Think of all the villains there are in the Hebrew Bible: Laban, Pharaoh, Amalek, Goliath, Haman the list is rather long.

Now, think about the un-villains. Think about the non-Israelites who arent villains or Jew-haters, but who, in fact, are righteous people who have redemptive relationships with the Jews, and who learned something from us, and who taught something to us. (I tell their stories in my book Righteous Gentiles in the Hebrew Bible.)

Can you name them?

In particular, in this weeks Torah portion: Shifrah and Puah, the midwives who saved the lives of Jewish children. They refused to comply with Pharaohs genocidal plan. They were the first to practice civil disobedience. They were the moral grandmothers of Thoreau and Gandhi and King. Their ethnicity is unclear, but the majority of commentators agree they were Egyptians thus making their moral heroism even more powerful.

Also, in this weeks Torah portion: the daughter of Pharaoh, who rescued and raised Moses. The Torah does not tell us her name, but later sources call her Bityah, the daughter of God.

Also, again, in this weeks Torah portion: Jethro, the father-in-law of Moses, who sheltered him, taught him, and a few weeks from now, gives his name to the Torah portion in which God reveals the Ten Commandments to the Jewish people.

In post-biblical times, there were entire synagogues in the Diaspora that were filled with yirei elohim, God-fearers, who came to learn Torah and to observe some Jewish customs.
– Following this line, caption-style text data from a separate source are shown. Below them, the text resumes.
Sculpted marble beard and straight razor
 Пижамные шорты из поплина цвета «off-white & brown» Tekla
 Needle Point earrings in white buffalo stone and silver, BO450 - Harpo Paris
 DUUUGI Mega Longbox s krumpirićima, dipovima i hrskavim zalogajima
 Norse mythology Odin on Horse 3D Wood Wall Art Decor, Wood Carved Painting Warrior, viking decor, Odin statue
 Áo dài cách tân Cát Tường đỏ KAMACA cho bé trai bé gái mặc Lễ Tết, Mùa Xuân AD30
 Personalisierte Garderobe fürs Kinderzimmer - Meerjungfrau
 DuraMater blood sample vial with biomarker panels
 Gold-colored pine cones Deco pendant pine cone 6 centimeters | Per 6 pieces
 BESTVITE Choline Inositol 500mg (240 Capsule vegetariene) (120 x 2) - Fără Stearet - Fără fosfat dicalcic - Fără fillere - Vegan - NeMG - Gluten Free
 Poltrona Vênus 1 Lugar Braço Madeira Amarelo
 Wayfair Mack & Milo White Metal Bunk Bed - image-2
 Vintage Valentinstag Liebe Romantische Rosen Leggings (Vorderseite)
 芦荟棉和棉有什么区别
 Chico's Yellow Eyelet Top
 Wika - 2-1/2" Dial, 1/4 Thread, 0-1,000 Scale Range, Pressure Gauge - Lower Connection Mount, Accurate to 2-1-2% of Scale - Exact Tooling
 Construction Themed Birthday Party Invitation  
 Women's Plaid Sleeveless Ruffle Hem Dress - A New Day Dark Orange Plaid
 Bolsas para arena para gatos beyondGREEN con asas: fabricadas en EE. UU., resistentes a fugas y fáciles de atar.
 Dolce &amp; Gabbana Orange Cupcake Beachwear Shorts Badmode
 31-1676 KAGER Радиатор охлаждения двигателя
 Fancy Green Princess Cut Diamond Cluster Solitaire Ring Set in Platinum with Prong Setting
During the Protestant Reformation, there were various groups who observed some Jewish customs.

Unless we see these people, our vision will be incomplete and our story will be broken.

Back to Katie. She was not only my colleague. She became part of my family.

Several years later, she became quite ill with lupus. She became so ill she could no longer work for me.

And yet, a few years later, she was better and she came to work for me once again this time, in a different synagogue. During her illness, she had gotten her GED and had formally graduated from high school. During her illness, she learned how to design websites. During her illness, she became a very good writer.

This is what she would say to me: I just know that when I die, Ill get the answers to all my questions.

What do you believe about this stuff, Rabbi? she would ask me.

I said to her: Theres a beautiful teaching that says that in the world to come, God gathers the righteous together in a huge circle and they all spend the day together studying Torah.

To which she said: That sounds very cool.

Katies lupus eventually and ultimately claimed her. She was only 44 years old. They buried her in the old Irish Catholic church of her rebellious and tough childhood.

I remember how she told me, during one of her bouts with lupus: Im not afraid of dying. Its when I will get the answers to all my questions answered.

I pray God answered her questions.

And, those answers had better be good ones.